Caddenin bitiminde köşede tarihi Mesih Mehmet Paşa Çeşmesini görüyoruz. Çeşme yol seviyesinin altında kalmış lakin o bölümü etrafı çevrelenerek korunmuş. Çeşmenin Eski Ali Paşa Caddesi yönüne bakan kısmı mermerle kaplı, birbirinin simetriği iki çeşme bulunuyor. Her bir çeşmenin üzerinde 2 satır 2 sütun düzenlenmiş kitabesi yer alıyor. Her iki çeşmenin üzerinde ise tek satır 6 sütundan oluşan bir diğer kitabe yer alıyor. Çeşmenin her iki caddeye bakan yüzü bulunuyor. Bir yüzü Eski Ali Paşa Caddesine diğer yüzü bu caddeyi kesen ve Fevzipaşa Caddesine kadar uzan Mütercim Asım Caddesine bakıyor. Mütercim asım Caddesine bakan yüz kesme taştan yapılma ve tek musluklu. Herhangi bir kitabesi bulunmuyor.
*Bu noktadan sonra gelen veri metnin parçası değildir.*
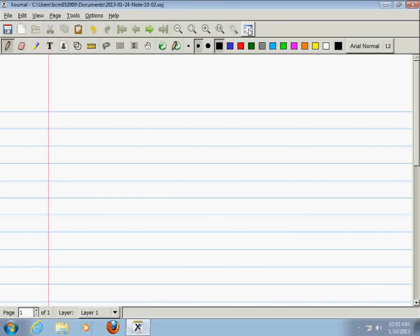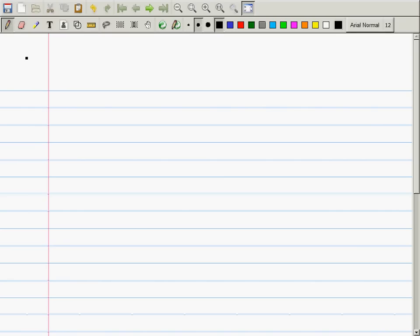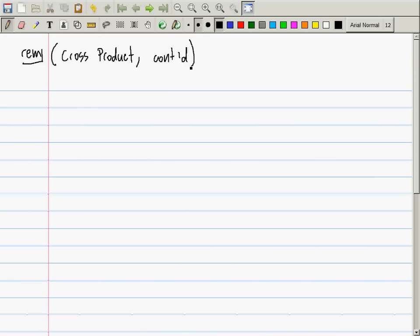We were talking about properties of the cross product — properties of the cross product continued. So far in this class, how many products do we have for vectors? Two different products. There's the scalar product, which works for vectors of any dimension. The cross product works in the third dimension only. The result of the scalar product is a scalar, whereas the result of the cross product is a vector.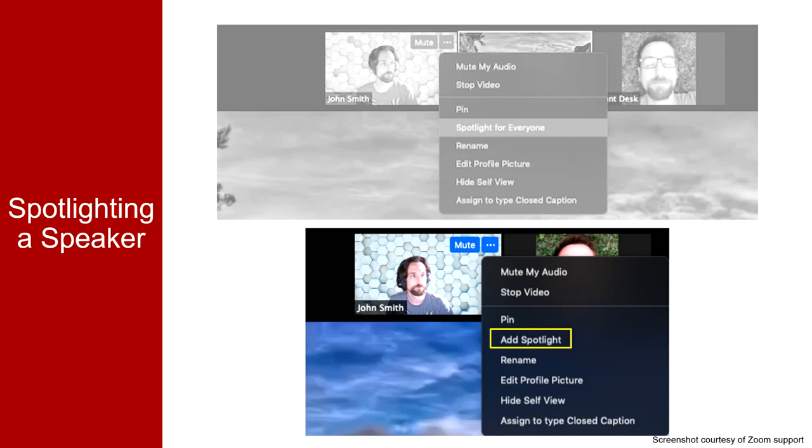You can spotlight up to nine participants. Go to the More menu over Additional Speakers and then select Add Spotlight here. The same menu is where you will go to remove a spotlight as well.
Yine yol seviyesinin altında, ancak etrafı korkulukla çevrelenmiş durumda. Musluğu bulunmuyor. Gerçi olsa da su alınabilecek gibi değil, bayağı altta kalıyor. Çeşmenin köşesinde çeşme ile ilgili bilgilendirme panosu -yıpranmış halde- bulunuyor: “Bu çeşme Hicri 994 / M.1586 yılında Sultan III. Murad’ın Sadrazamlığını da yapan Mesih Paşa kardeşi tarafından yaptırılmıştır. 1233 (1817) yılında III. Mustafa’nın kızı III. Selim’in kız kardeşi Beyhan Sultan tarafından onarım görmüştür. Çeşmenin kitabesinde …..1233” Bu metne göre 994 tarihinde yaptırılmış, 1233 senesinde onarım görmüş. İkiz olan tarafı yeniden dönemin mimarisine uygun olarak yapılmıştır. (Not: Bu çeşme 2011 yılında İBB ve İstanbul Ticaret Odası işbirliği ile restore edilmiştir.) Çeşmenin yanında bulunan sokaktan Mevkufatçı Sokağında ilerlemeye devam ediyoruz.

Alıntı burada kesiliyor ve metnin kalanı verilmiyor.